A company’s open enrollment period can be a hectic time for management, HR staff, and employees alike. While a successful open enrollment period can increase employee health and satisfaction, an unsuccessful open enrollment period can result in compliance risk and reputational damage.
Learn the five most common open enrollment mistakes and how to avoid them below.
Mistake #1: Not Informing Employees of the Value of the Health Plan
Retention is greatly increased when employees understand the value of their employer-sponsored health plan. To aid this understanding, employers should consider providing their employees with:
- A well-organized benefits summary which addresses the key features of the health plan; and
- A total compensation statement which emphasizes that health plan benefits are a form of compensation received by the employee.

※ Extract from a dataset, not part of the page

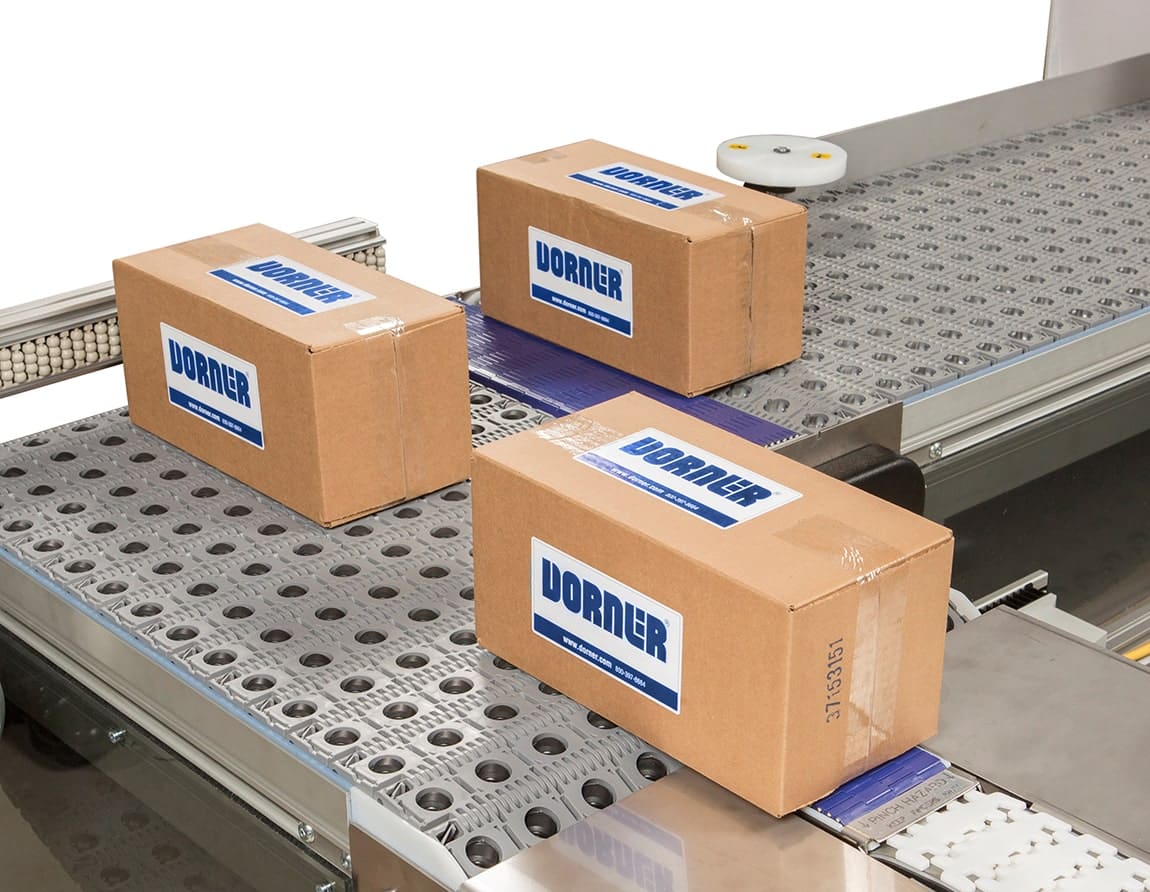 The corner of a rotating conveyor designed to seamlessly rotate products without disrupting the flow of production.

Mistake #2: Not Informing Employees of Health Plan Changes
If the employee has not experienced a job or family change, he or she may simply re-enroll in the health plan without giving it a second thought. However, health plan premiums, deductibles, and coverage networks may change each plan year, and the employer may be offering new benefits with unique requirements. As a result, it is important for the employer to inform employees of plan changes. Employers should consider using tools such as benefits summary documents, emails, in-person meetings, and social media posts to help ensure that employees fully understand their health benefits.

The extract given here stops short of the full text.